The second half was up and down, with most action in the Nigerian end, but both goalies made dazzling saves before Enyeama made his one and only mistake, channeling Robert Green with a misplay off a harmless shot that was poked in by Torosidis, the man who drew the red card.
Argentina is a lock for the Round of 16, but the rest of Group B is wide open. Both South Korea and Greece seemed doomed and now are very much alive. Nigeria, which lost by a mere goal to Argentina and was ahead and in control approaching half-time of this game, is now likely out. Kaita's was a mental mistake for the ages. I hope he has a vacation home somewhere.
In which I sell my soul and root for France. France versus Mexico made me feel dirty. Mexico, as we have previously established, is the bitter rival of Team America, the Red Sox to our Yankees. Thus, I had no choice but to root for France. But I didn't feel good about it. The only good thing about Mexico's victory is that they are possibly on track — if many, many (many) cards fall into place — to play the U.S. in the quarterfinals. And to beat them then would be great. Am I getting ahead of myself?
Anything else we need to discuss? Let's see, what else is there to talk about? Oh, is there a game this morning? Let me check the schedule ... Oh, my — there is! There is a game! It's the USA! Shall we talk about that? Let's. For all the hype about the super-mega-giant-awesome opener against England's vaunted Three Lions — for all the "don't shoot until you see the whites of their eyes" redcoats nonsense — it honestly didn't matter if the U.S. lost that game.

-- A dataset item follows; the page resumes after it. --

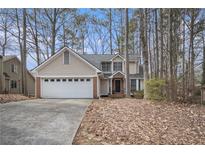 Charming two-story home with brick accents and a two-car garage nestled amongst mature trees at 3214 Country Walk Dr, Powder Springs, GA 30127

Of course, a tie was great for the team's confidence, and for fan happiness, and for making English people sodden their Marmite (Marmite!) toast with tears, but from the beginning all the U.S. needed to do to advance to round two of the World Cup was beat the other two teams in the group. It may actually be that they only need a single win, plus another tie, but one thing is clear: They have to beat Slovenia, which leads the group after beating Algeria. That makes today the biggest game of the first round for Team USA.
Quoth Landon Donovan, on the slim possibility that they could lose or tie and still advance: "The way we're looking at it is if we can't beat Slovenia, we don't deserve to advance anyway." I couldn't agree more. Slovenia is a nation of just 2 million people, which is only salient in that it seems impossible that a country less populated than Brooklyn can possibly field a better team than a country of nearly 300 million. Of course, we have the NBA, and the NFL, and Major League Baseball — not to mention snowboarding, BMX, and street luge — stealing away our swift, hearty, stout-hearted children. Still, we should win this game.
That doesn't mean I'm not terrified. Slovenia plays the same sort of compact, frustrating defense deployed to great effect by so many overmatched teams so far — most notably, Switzerland and North Korea. Unless Bob Bradley is a complete moron, he will tinker with his lineup, replacing Robbie Findley in the front with Edson Buddle and altering the complexion of his midfield by swapping in Jose Torres, an attacking, ball-control wizard for Ricardo Clark, whose defensive abilities failed him big time when he fell asleep and gave up that first goal against England.
Nobody on the U.S. team wants to be locked in a tense 0–0 or 1–1 game in the waning minutes, so I fully expect to see attacking, offensive play directed by Dempsey and Donovan from the start. This could open up the team to quick counterattacks — a glaring weakness in recent matches — but there is no reward without risks.
My prediction: It will be close enough for awhile to give us all ulcers, but in the end Altidore, Dempsey, and Buddle will score. 3–1 USA.